## EXERCISE INPUT

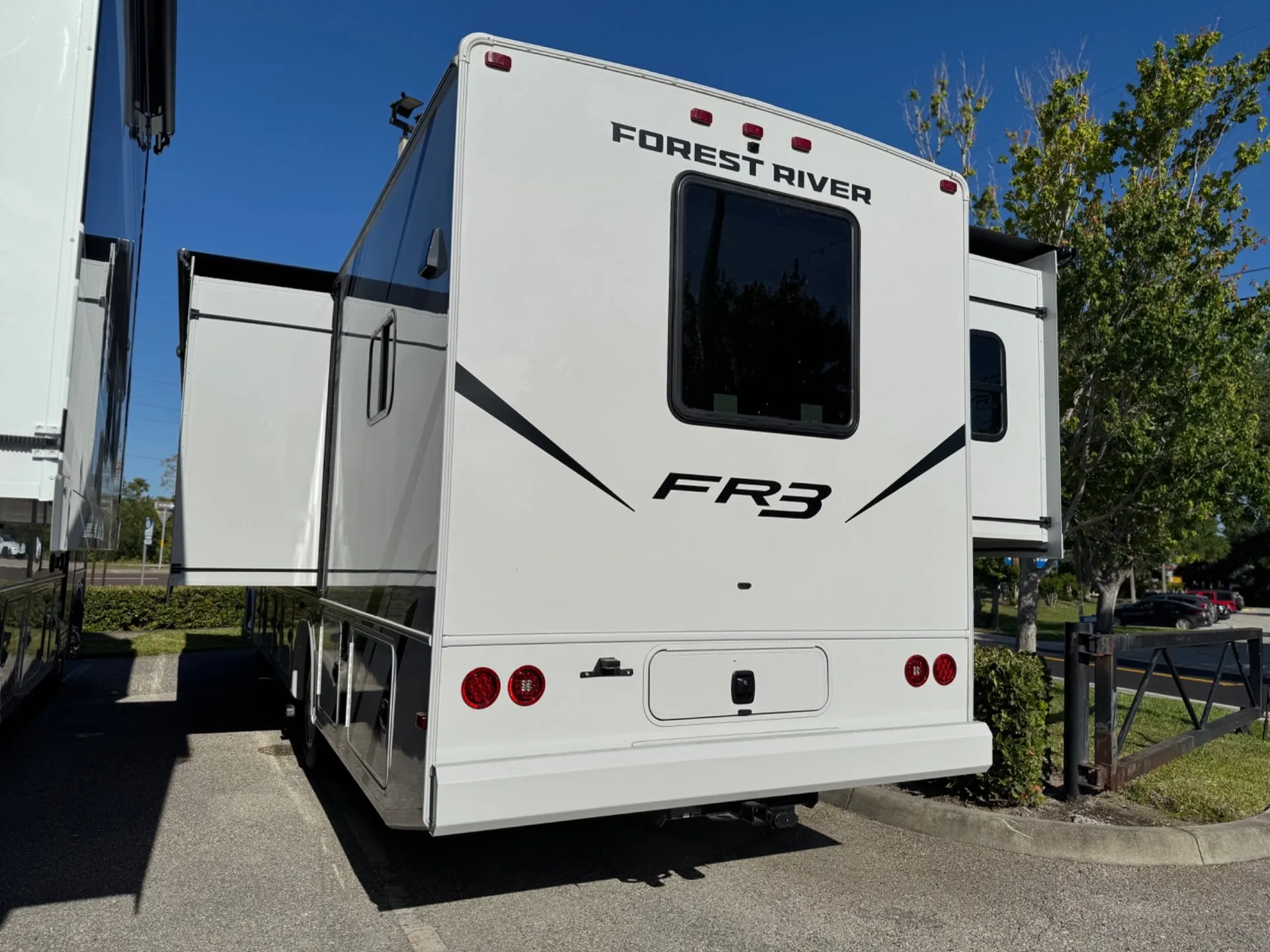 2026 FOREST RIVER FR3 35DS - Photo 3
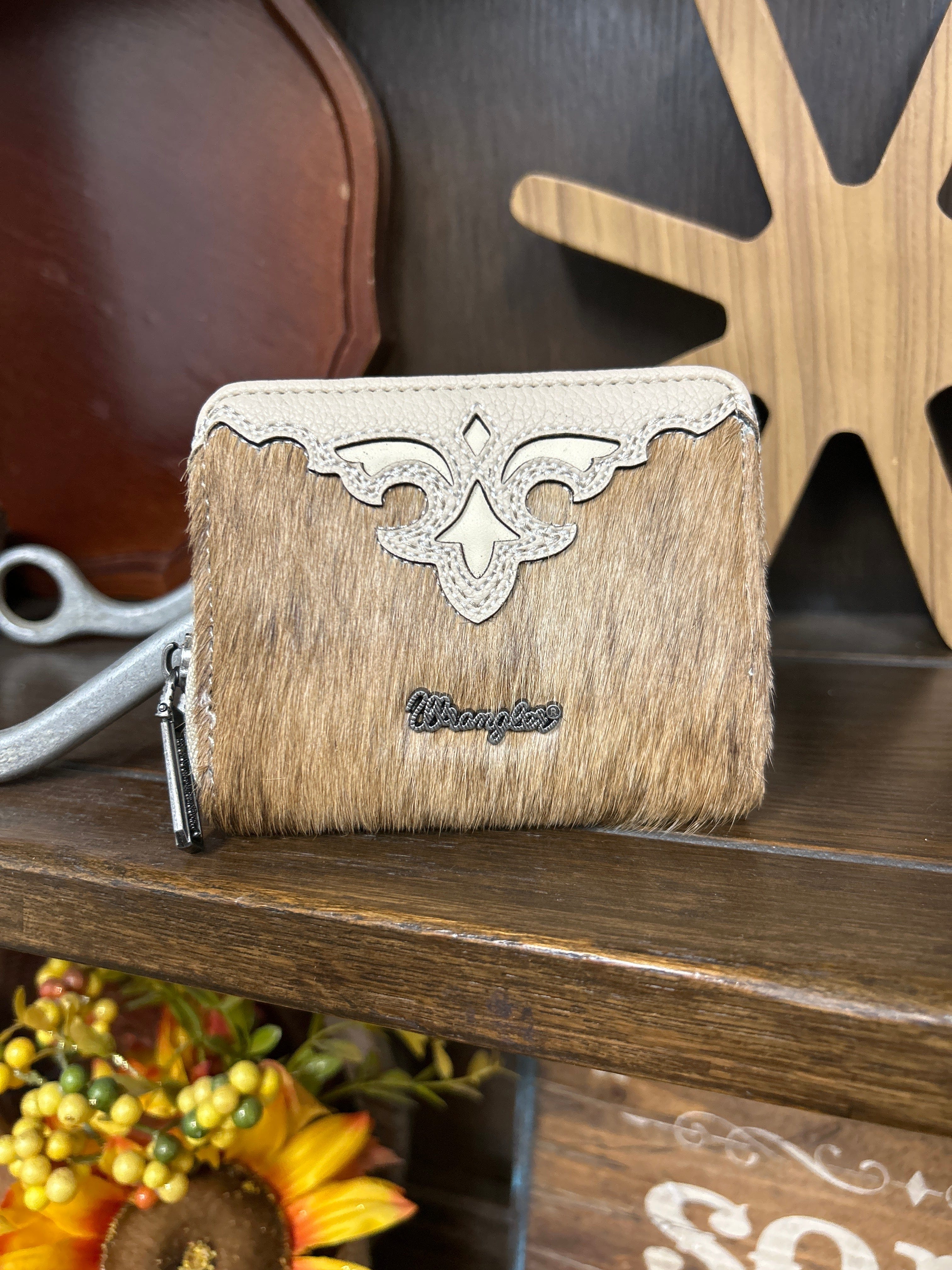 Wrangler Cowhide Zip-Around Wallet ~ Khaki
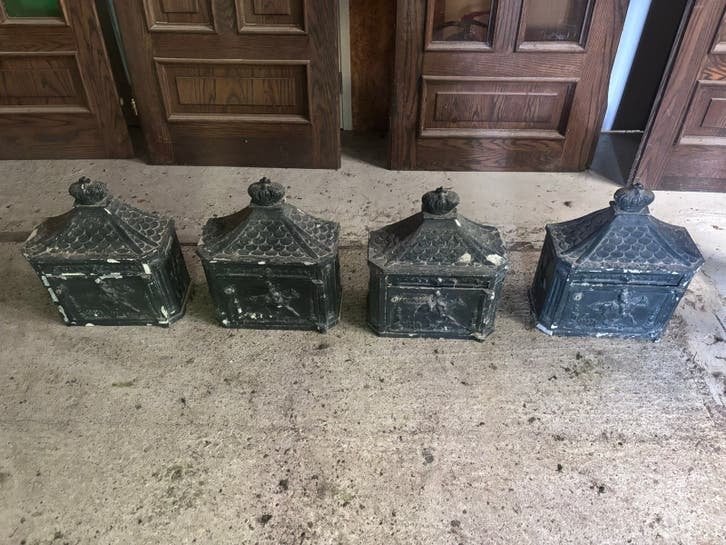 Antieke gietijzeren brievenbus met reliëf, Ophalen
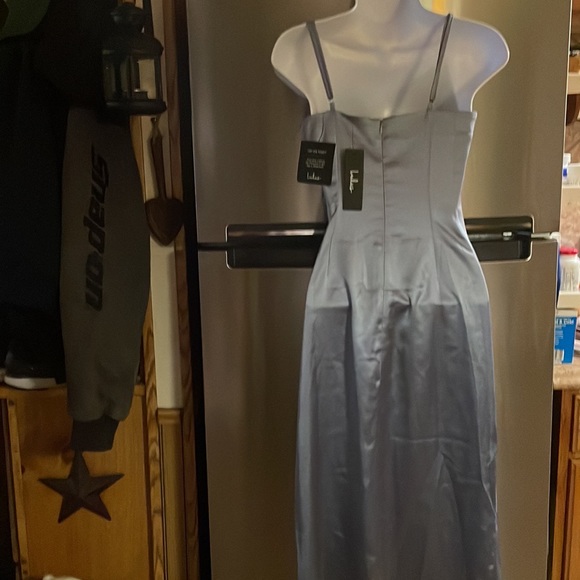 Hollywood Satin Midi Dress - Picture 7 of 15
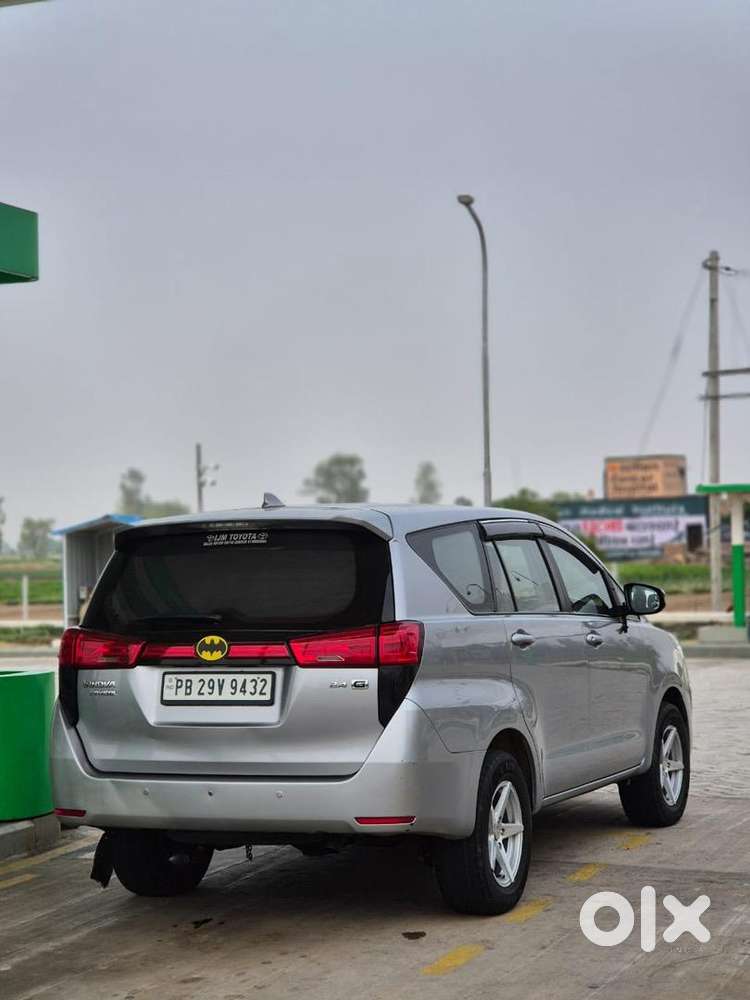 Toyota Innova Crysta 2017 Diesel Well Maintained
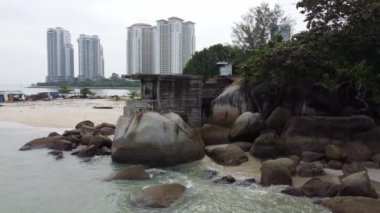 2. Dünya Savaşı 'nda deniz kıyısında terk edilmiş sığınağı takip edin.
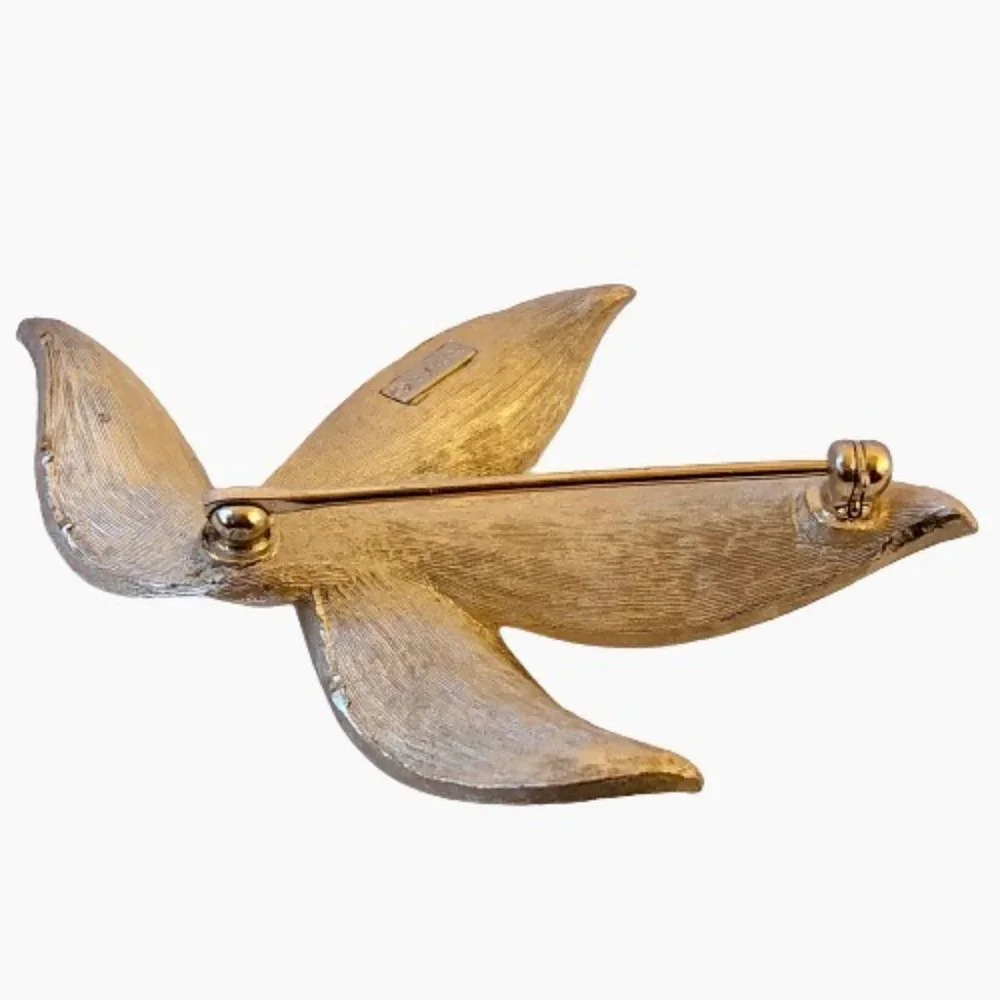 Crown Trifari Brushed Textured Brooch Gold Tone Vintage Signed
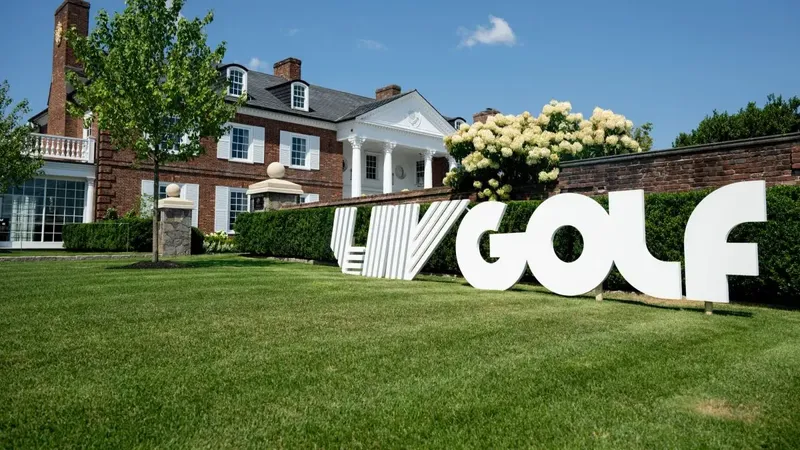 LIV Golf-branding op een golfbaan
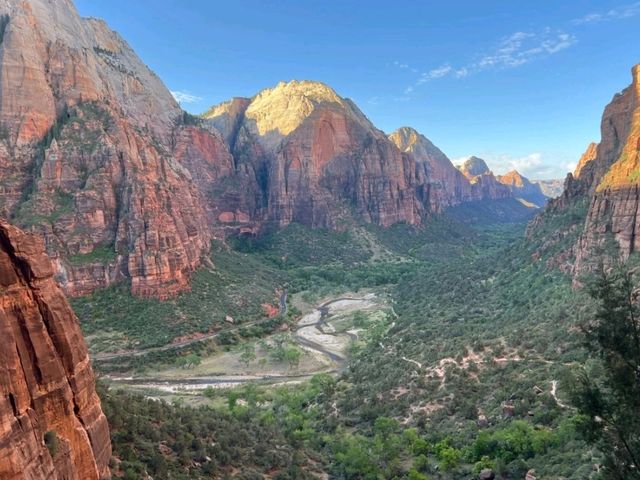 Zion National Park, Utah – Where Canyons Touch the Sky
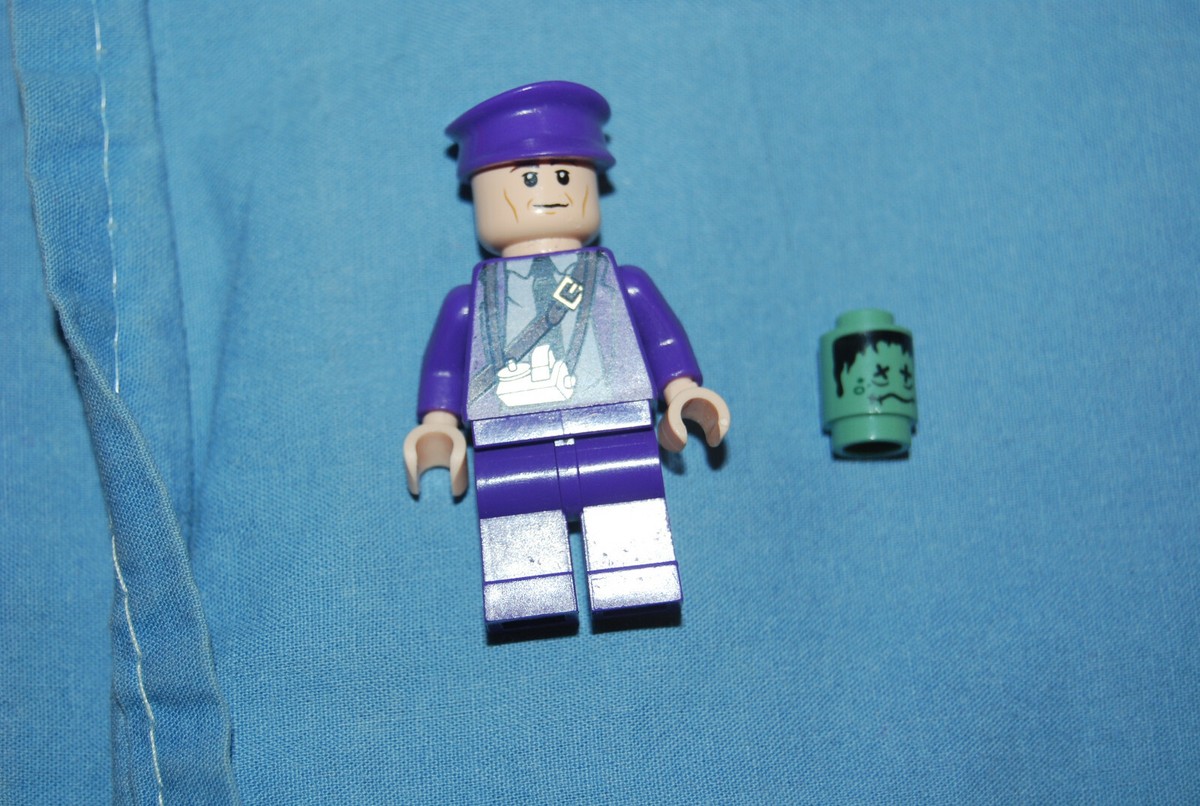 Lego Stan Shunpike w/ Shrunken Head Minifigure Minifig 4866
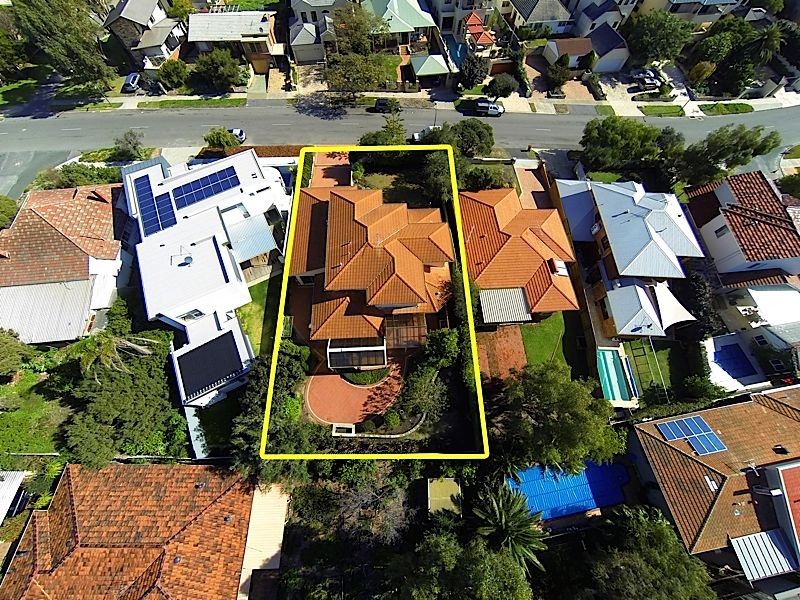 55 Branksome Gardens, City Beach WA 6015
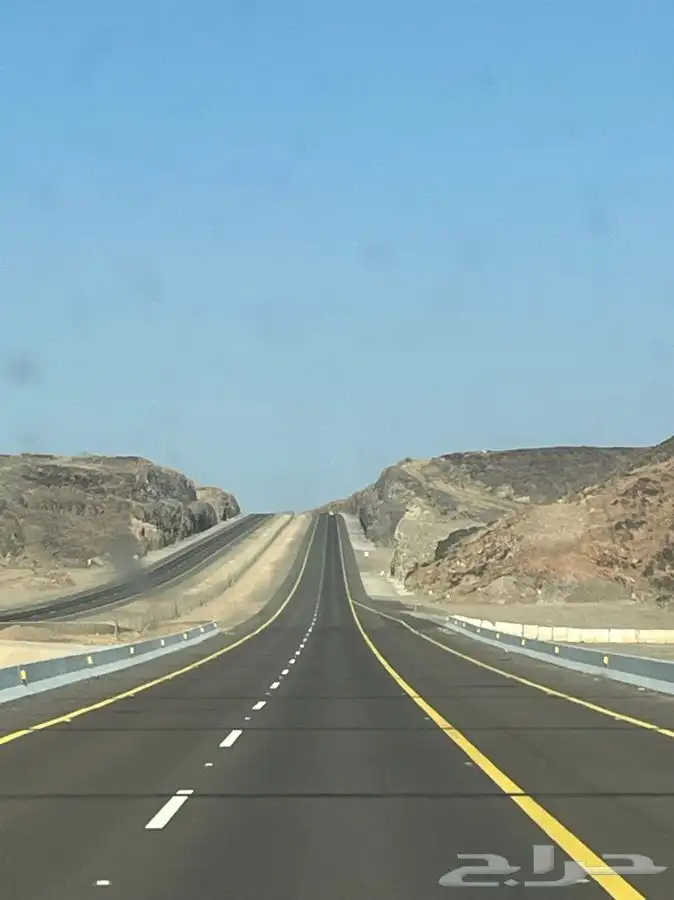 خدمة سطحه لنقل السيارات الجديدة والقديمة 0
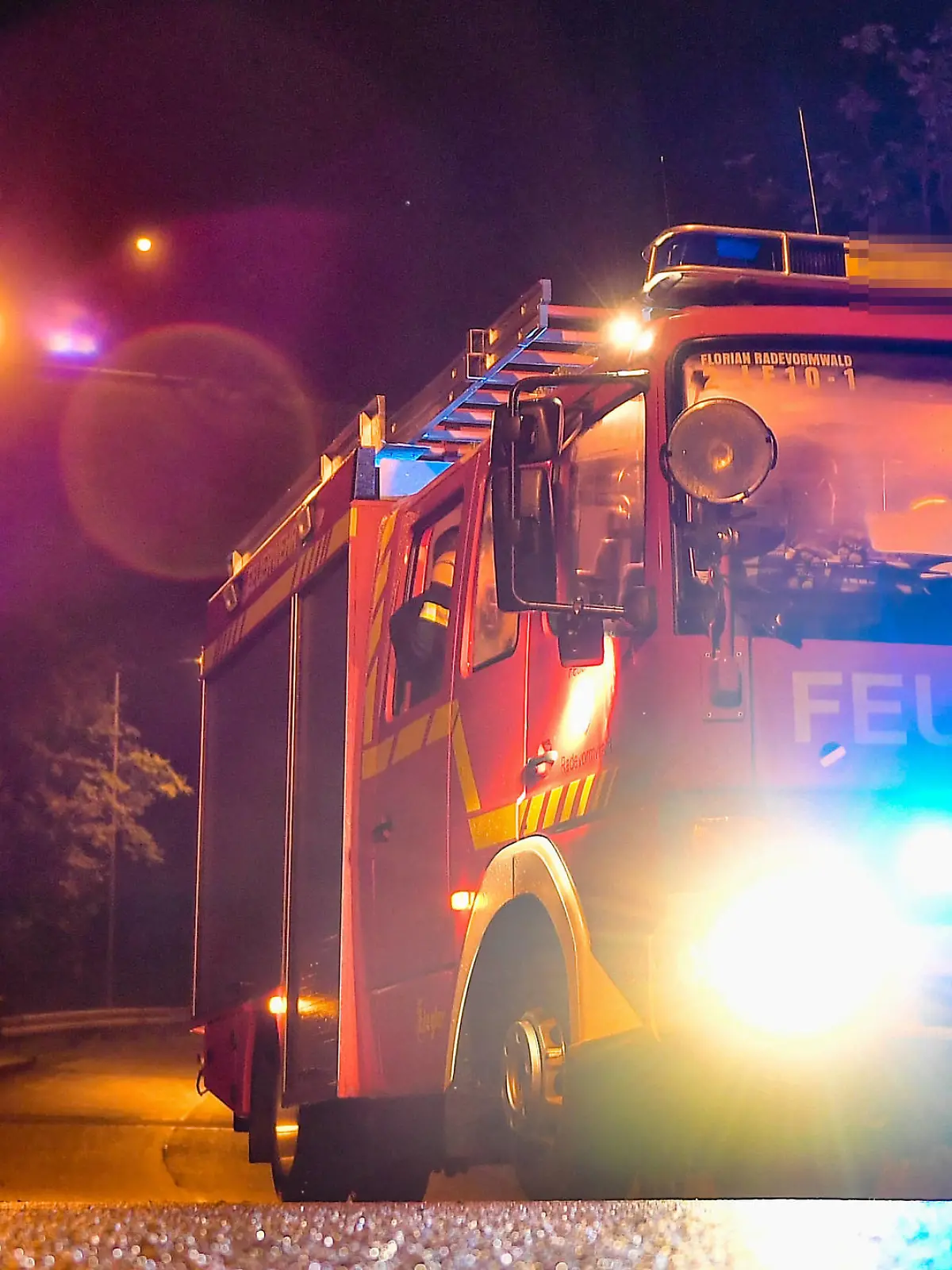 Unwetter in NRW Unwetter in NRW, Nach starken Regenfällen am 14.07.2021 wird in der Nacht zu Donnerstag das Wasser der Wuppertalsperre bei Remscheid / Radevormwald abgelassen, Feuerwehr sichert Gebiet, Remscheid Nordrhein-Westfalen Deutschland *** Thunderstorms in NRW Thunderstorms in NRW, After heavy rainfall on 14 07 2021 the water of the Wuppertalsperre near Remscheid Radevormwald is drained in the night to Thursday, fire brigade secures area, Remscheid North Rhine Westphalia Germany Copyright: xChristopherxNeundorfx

## WHAT THE TASK ASKS
Write out each line exactly, from the one containing "Toyota Innova Crysta" through the end of the entries, and skip the pictures.

## EXERCISE SOLUTION
 Toyota Innova Crysta 2017 Diesel Well Maintained
 2. Dünya Savaşı 'nda deniz kıyısında terk edilmiş sığınağı takip edin.
 Crown Trifari Brushed Textured Brooch Gold Tone Vintage Signed
 LIV Golf-branding op een golfbaan
 Zion National Park, Utah – Where Canyons Touch the Sky
 Lego Stan Shunpike w/ Shrunken Head Minifigure Minifig 4866
 55 Branksome Gardens, City Beach WA 6015
 خدمة سطحه لنقل السيارات الجديدة والقديمة 0
 Unwetter in NRW Unwetter in NRW, Nach starken Regenfällen am 14.07.2021 wird in der Nacht zu Donnerstag das Wasser der Wuppertalsperre bei Remscheid / Radevormwald abgelassen, Feuerwehr sichert Gebiet, Remscheid Nordrhein-Westfalen Deutschland *** Thunderstorms in NRW Thunderstorms in NRW, After heavy rainfall on 14 07 2021 the water of the Wuppertalsperre near Remscheid Radevormwald is drained in the night to Thursday, fire brigade secures area, Remscheid North Rhine Westphalia Germany Copyright: xChristopherxNeundorfx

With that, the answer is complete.